After years of demand from the Lafayette community, including students and faculty alike, the college has welcomed its first director of sustainability. In September, it was announced that Marie Fechik-Kirk would fill the position and begin her work in November of this school year.
On Wednesday, a welcome reception was held in the Clay Ketcham Room of Marquis Hall to allow students and faculty to meet both Fechik-Kirk and incoming Campus Energy Manager Nick DeSalvo. Both Fechik-Kirk and DeSalvo will be working with the new campus sustainability team to make improvements on campus. Also in attendance at the reception were members of the Lafayette Sustainability Office. The event included La Farm-grown and locally sourced snacks and refreshments.
Shawn Hogan ‘17, who was at the reception, said that demonstrations last school year were influential in creating the new director of sustainability position. Though the process of filling the position took time, Hogan said she believes this is an indication of how seriously professors took the selection process.
“The faculty went through a long process to find the right person, and I trust the decision of the professors involved,” Hogan said.
Although Hogan is pleased that progress has been made to increase the environmental efforts on campus, she said she hopes that appointing Fechik-Kirk marks only the beginning of future sustainability efforts.
“This seems like such a revolutionary thing that is happening, but it should have been done a long time ago,” Hogan said. “It’s up to the future of Lafayette to keep these efforts going and not think that this is the end.”
As professors, faculty members and students mingled and discussed sustainability on campus, attendees had the opportunity to solidify their goals for the future by writing them on a white poster board.
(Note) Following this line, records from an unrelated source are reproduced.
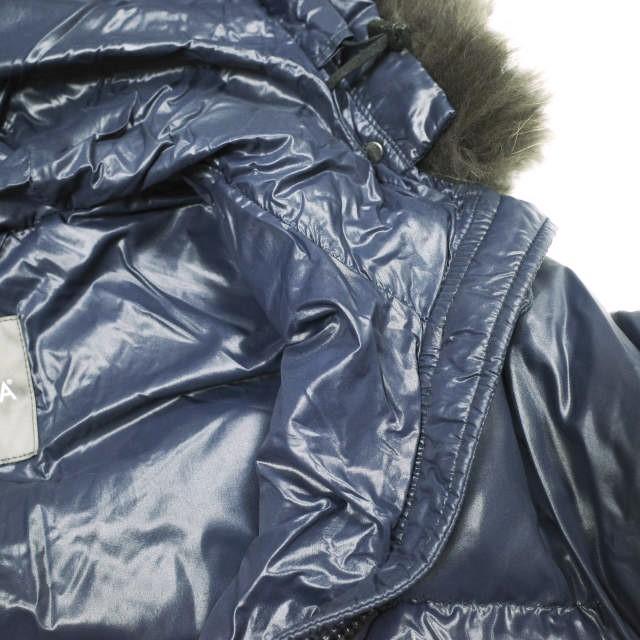 DUVETICA デュベティカ Kappa ラクーンファー ナイロンフードダウンコート D.037.00.U/1057.R-MFG 38 NAVY カッパ ダウンジャケット g23321 |  | 04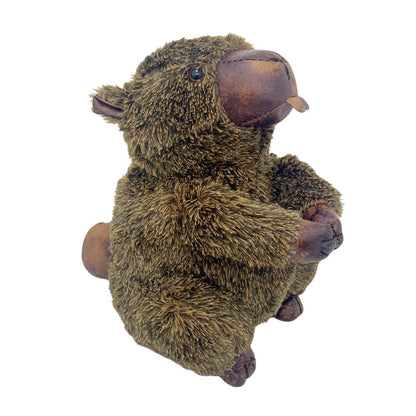 Bertie Beaver Door Stop, 29cm Weighted Faux Fur Animal Doorstop - 1.9kg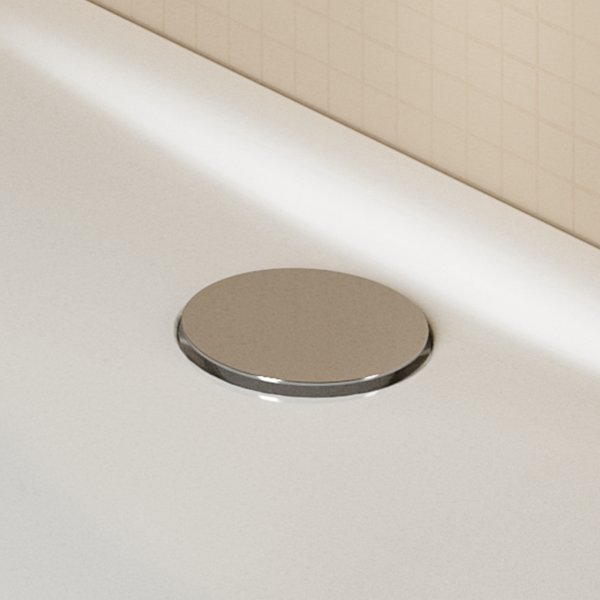 Сифон и донный клапан для ванн с переливом 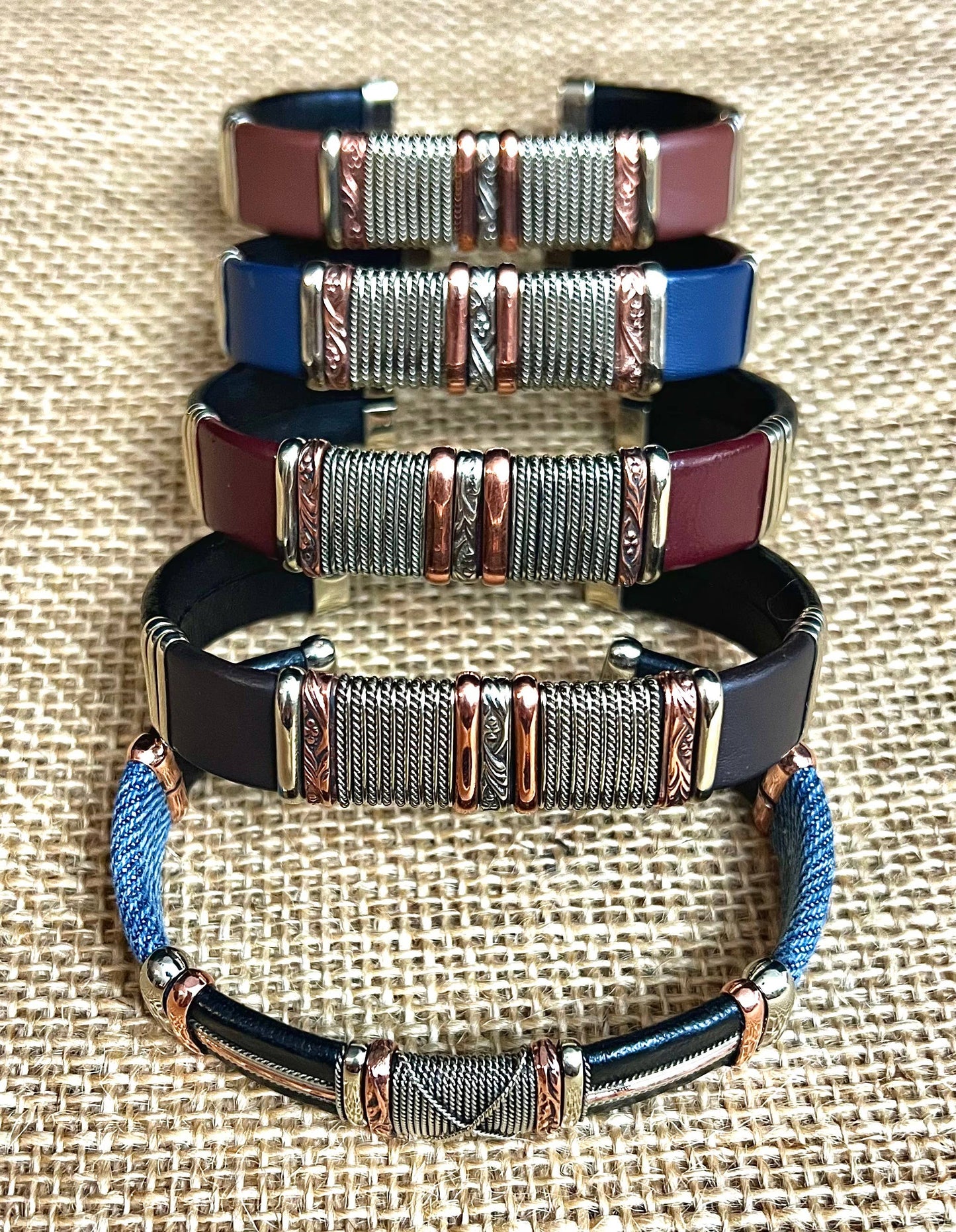 Men’s Copper + Leather Bracelet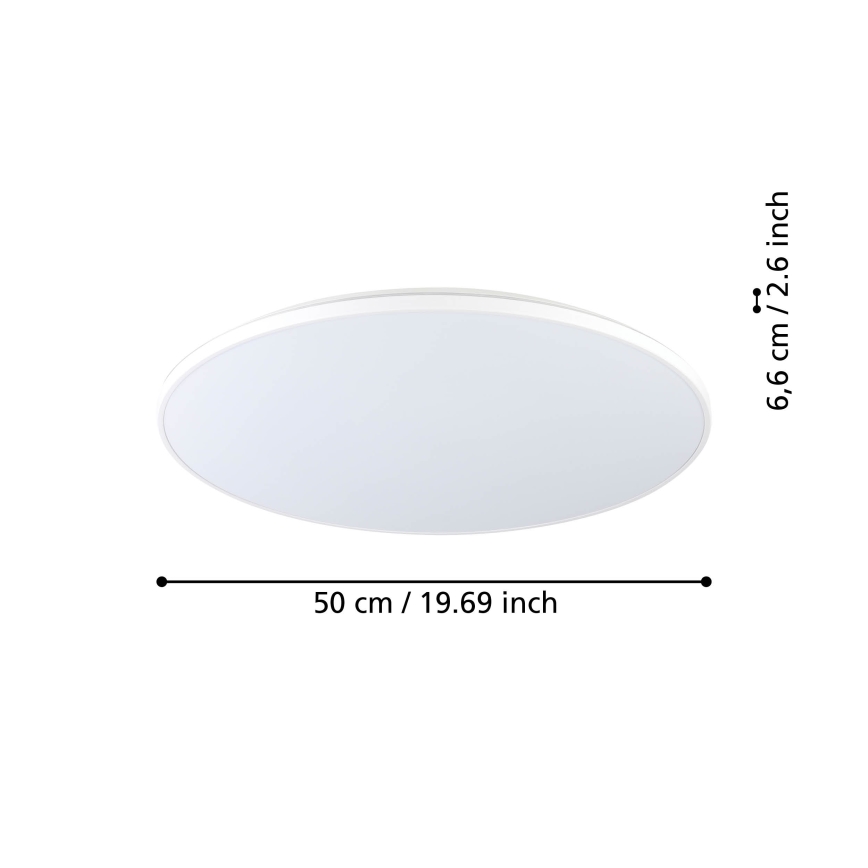 Eglo - LED Plafondlamp LED/29W/230V diameter 50 cm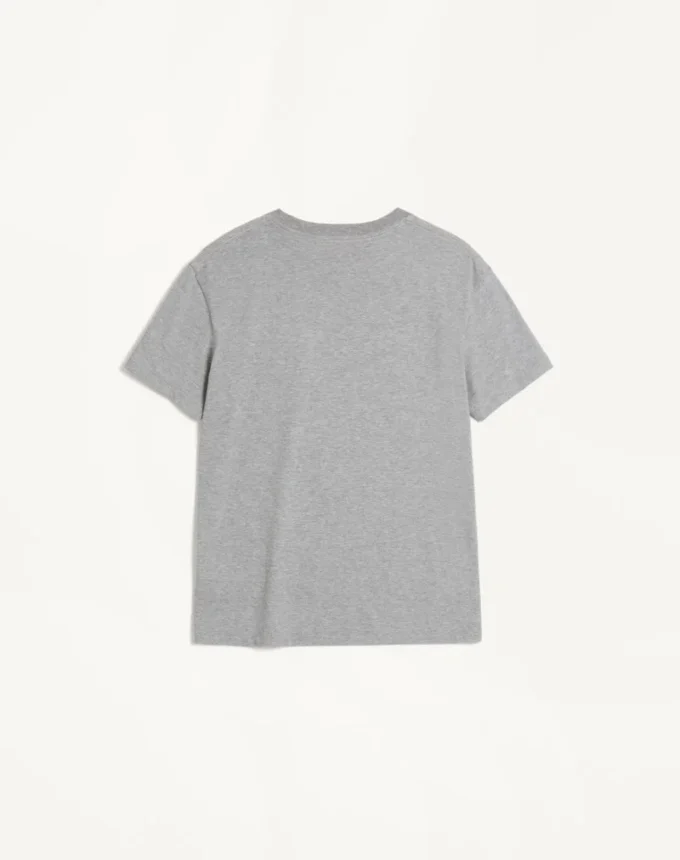 Baumwoll-T-Shirt mit Vlogo-Patch Baumwoll-T-Shirt mit Vlogo-Patch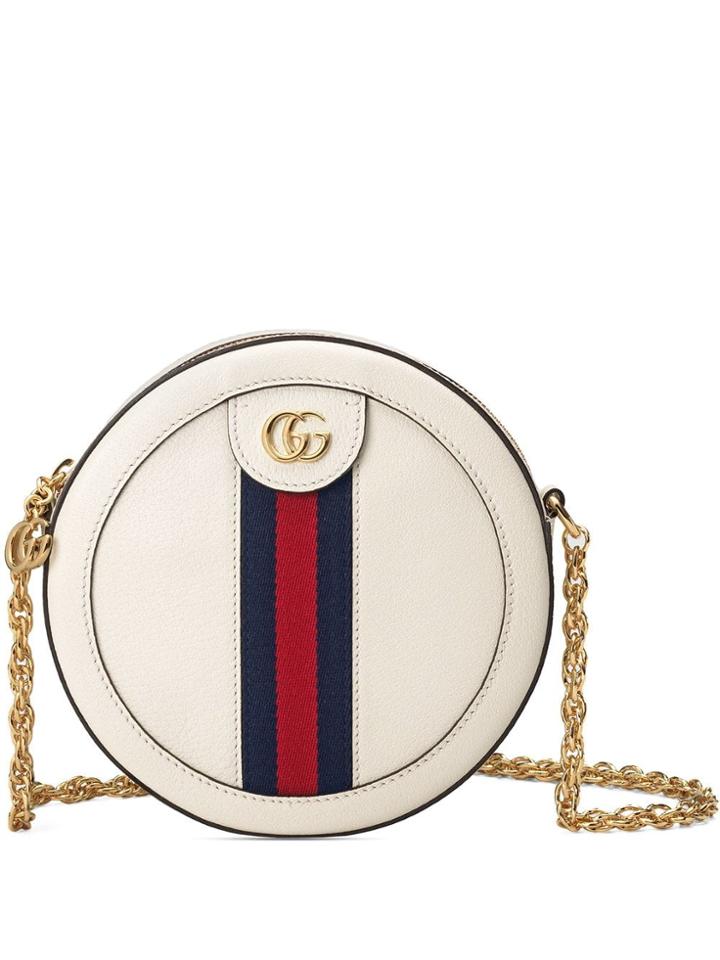 Gucci Ophidia Mini Round Shoulder Bag - White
Ariel Jakubowski ’17 said that her goal is to raise awareness for sustainability on campus. She is starting her own group, The Sustainability Brigade, that will help with campus sustainability by turning off lights in empty rooms, separating recyclables from trash and making other small but influential contributions.
“I would love to see sustainability become a greater thing around campus,” Jakubowski said. “I think there are some great initiatives on campus, but they are somewhat confined to people who are in sustainability majors. If you aren’t already involved or looking for ways to get involved it’s hard for people to figure out what they can do.”